▶ [Task goal]: Output the span of lines from the one that contains "Outdoor pool, pool umbrellas, pool loungers" through the end of the records, inclusive, exactly as written and free of pictures.

▶ [Dataset extract]:

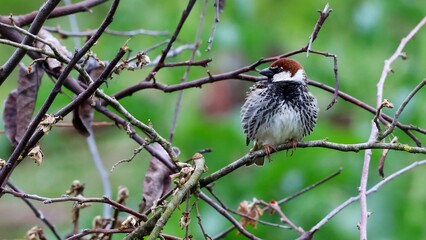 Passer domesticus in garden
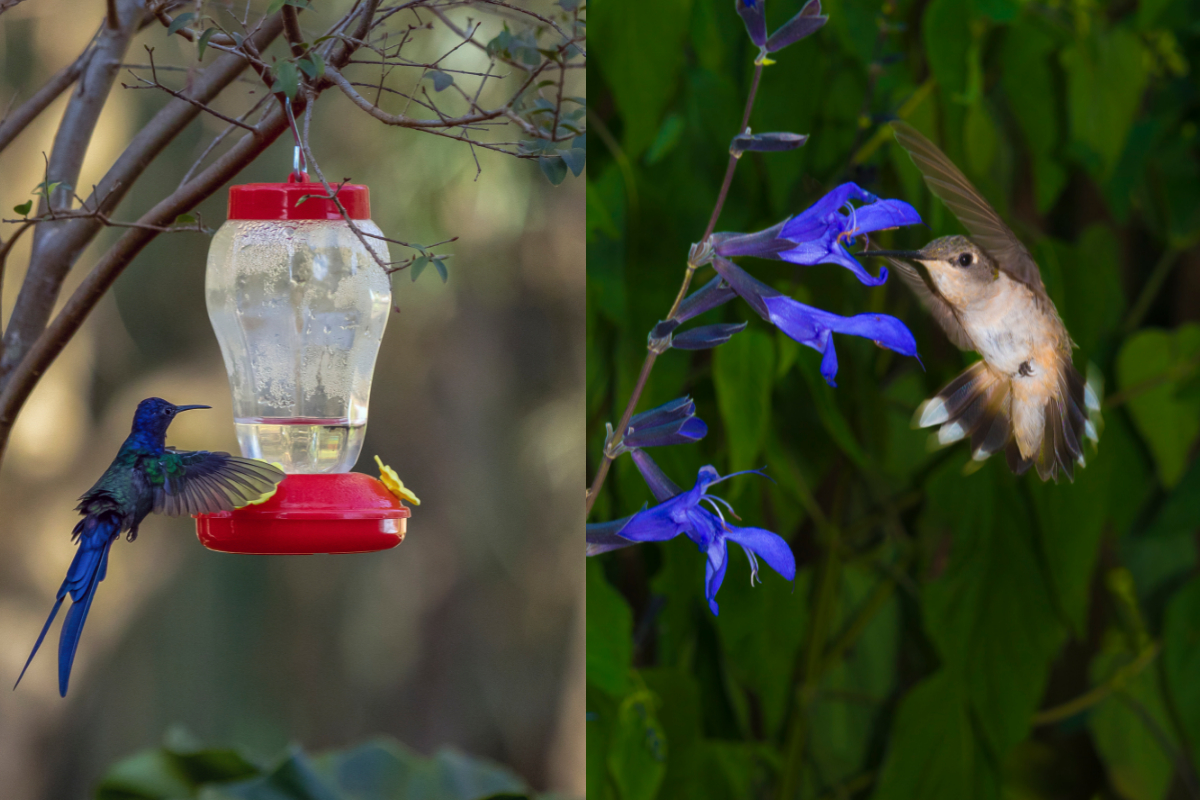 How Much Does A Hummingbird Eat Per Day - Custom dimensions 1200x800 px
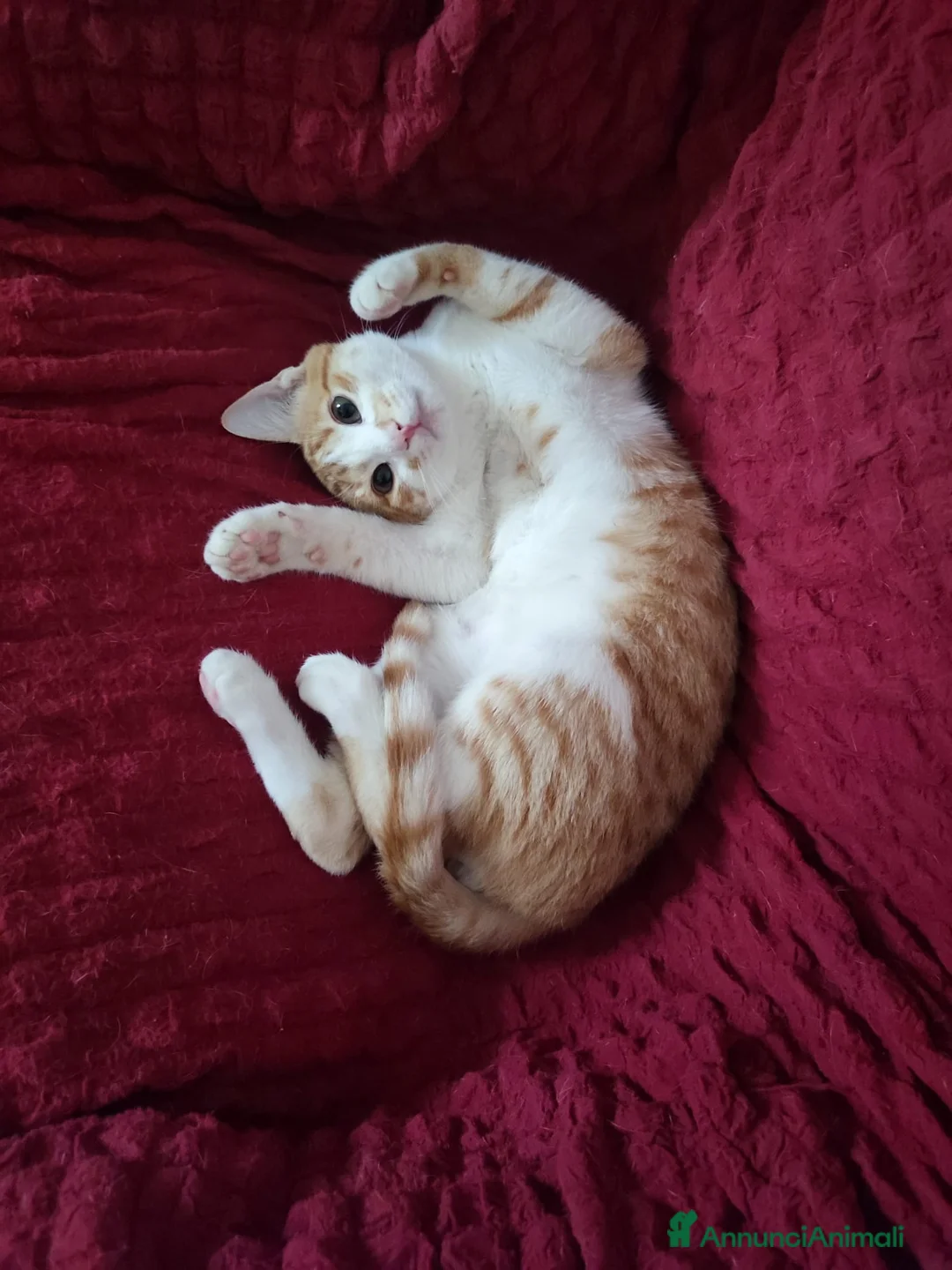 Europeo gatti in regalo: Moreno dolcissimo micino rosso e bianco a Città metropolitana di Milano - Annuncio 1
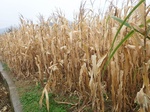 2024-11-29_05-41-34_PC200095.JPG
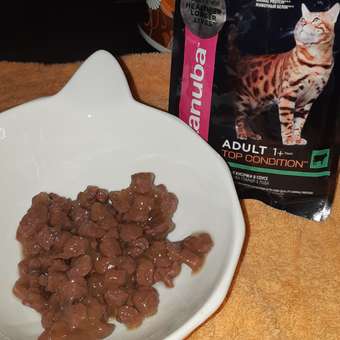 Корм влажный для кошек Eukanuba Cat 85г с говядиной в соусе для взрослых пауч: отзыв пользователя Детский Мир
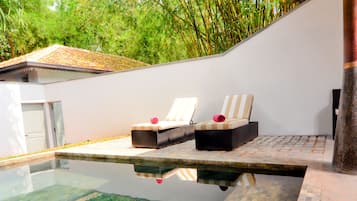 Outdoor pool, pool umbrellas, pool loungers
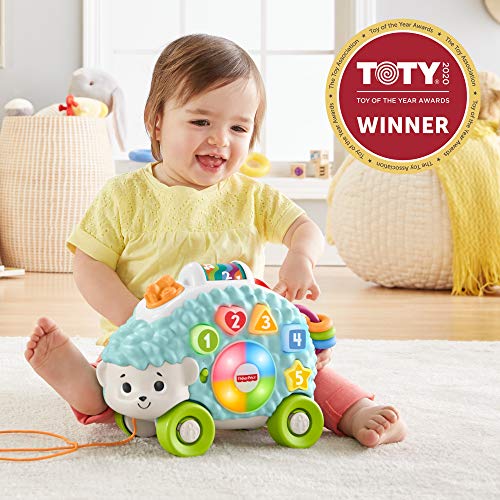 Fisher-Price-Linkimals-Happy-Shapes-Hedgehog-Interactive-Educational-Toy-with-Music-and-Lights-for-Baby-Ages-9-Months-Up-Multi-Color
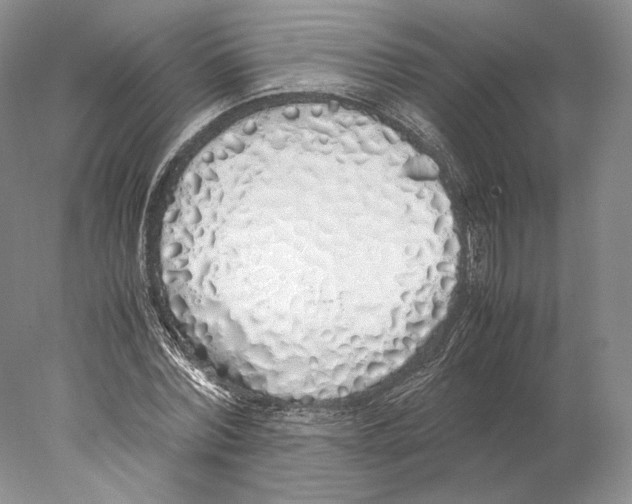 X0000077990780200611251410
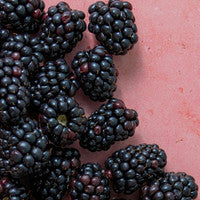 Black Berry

▶ [Solution]:
 Outdoor pool, pool umbrellas, pool loungers
 Fisher-Price-Linkimals-Happy-Shapes-Hedgehog-Interactive-Educational-Toy-with-Music-and-Lights-for-Baby-Ages-9-Months-Up-Multi-Color
 X0000077990780200611251410
 Black Berry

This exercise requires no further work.